# Accessibility arguments



## ThatOneGuy (Mar 18, 2019)

Hello all,

Lately I've been running into an argument against providing accessible features for first responders. For example, in reviewing plans for an ambulance building. It goes something like this: "Well, they aren't going to hire EMTs in wheelchairs!" The details vary but you get the idea.  I end up having to go through every nook and cranny in the code hunting down and eliminating exceptions so that I can prove, yes you do need to make that bathroom meet ADA, and no it doesn't matter who is using it. 

Have others here gotten similar type of pushback? And if so how do you typically deal with it? Do you just stand on the letter of the law and say it doesn't matter what your reasoning is the code says do it? Or do you actually argue about the intent and why it matters? How would you suggest dealing with people who are essentially arguing that ADA should be limited to the "public" only?


----------



## RLGA (Mar 18, 2019)

All facilities under the ADA are required to be accessible to the extent feasible or provide "equivalent facilitation." No building type or use is exempt. Only some military facilities are exempt from the ABA requirements when used only by "able-bodied military personnel" according to the Access Board's document "Using the ABA Standards."


----------



## Msradell (Mar 18, 2019)

One argument in favor of make them make the bldg. ADA accessible is that many times I've seen ambulance services host various training seminars. There's no telling if someone with a disability may come to attend 1 of those.


----------



## mtlogcabin (Mar 18, 2019)

Families visit, public tours, school tours, bringing  an injured employee back on light duty employee. It is not  all about wheelchair users


----------



## steveray (Mar 19, 2019)

^^^^^^^^THIS....Think "temporarily able bodied" as a wise man once said....


----------



## Rick18071 (Mar 19, 2019)

I do not argue. I may say it's not just for wheelchairs and it's code and that they can appeal to the state appeal board if they don't like my decision.


----------



## classicT (Mar 19, 2019)

Another aspect is that businesses can go under. When the next company moves in, a remodel or change in occupancy may not happen.

Buildings, regardless of the immediately intended use, must meet code.


----------



## Builder Bob (Mar 28, 2019)

title II ADA? what exception for government buildings?


----------



## ADAguy (Mar 28, 2019)

You are not aware that the ADA has 5 Titles?


----------



## Builder Bob (Mar 28, 2019)

Do yourself a favor and search DOJ letter of interpretations -CRT  Interpretation letter 789 usually quiets them down - The letter dated March 24, 1999 -is sent to Honorable Joe Scarborough US House of Representatives concerning accessibility of the second floor of firehouse.

The letter is in regard to the application of the new construction requirements of the 1990 ADA to the construction of fire stations.
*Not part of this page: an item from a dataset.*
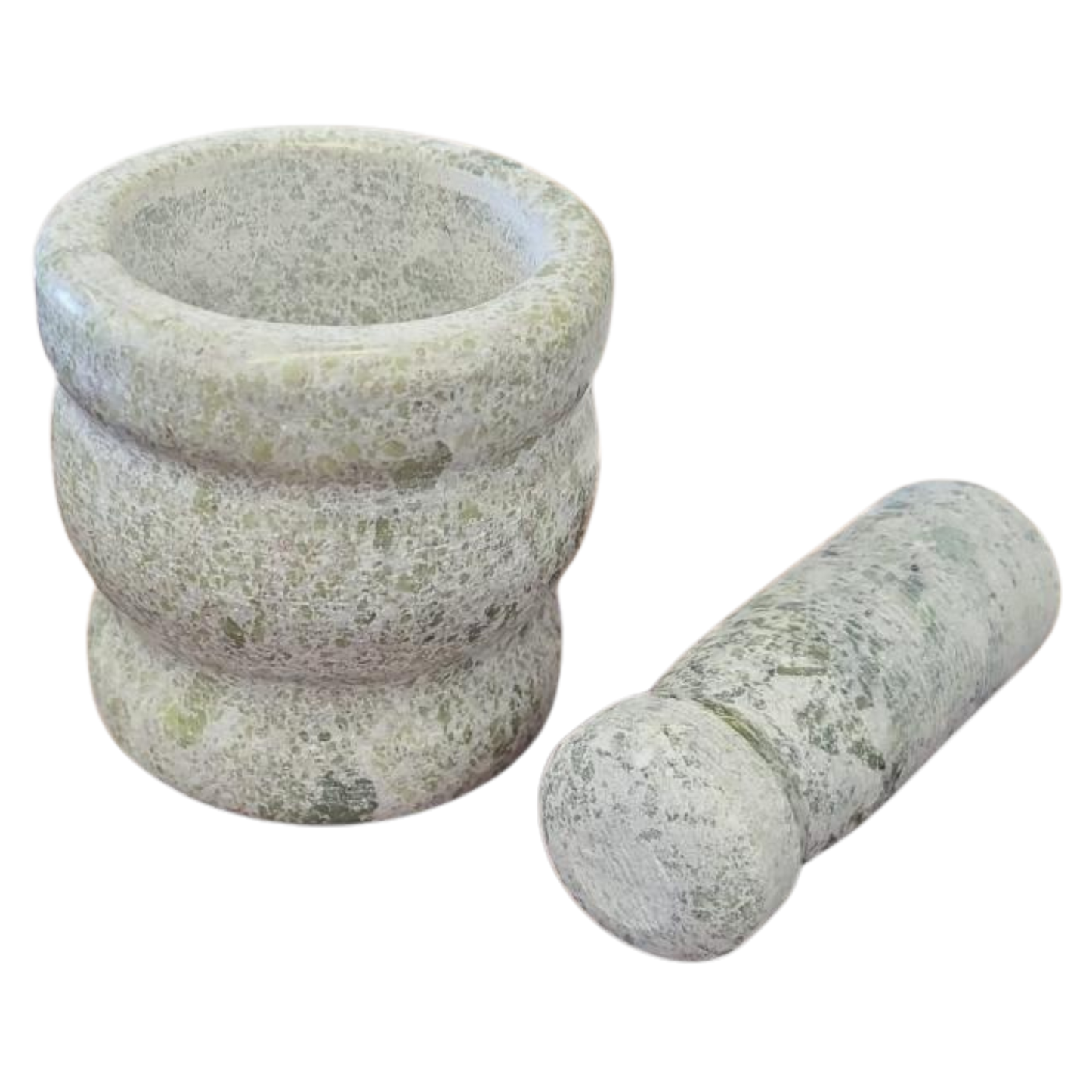 Grey & Green Natural Stone Mortar and Pestle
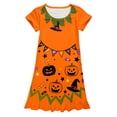 thumbnail image 4 of Curuila Toddler Kids Girls Halloween Dress Flutter Sleeve Hallowmas Pumpkin Print Crew Neck For Party Comfortable Dresses Size 3-4 Years, 4 of 4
This is addressed to a title II building - another letter with another person addresses accessibility in title III buildings as well.

Although, we do not enforce ADA -  Designers, developers, contractors, and owners are suppose to abide by it.  The ICC/ ANSI A117.1 supports or exceeds ADA requirements in some aspects - 2017 ICC ANSI A117.1 has a 67" diameter turning radius now.


----------



## ADAguy (Mar 29, 2019)

Thank you for this cite Bob


----------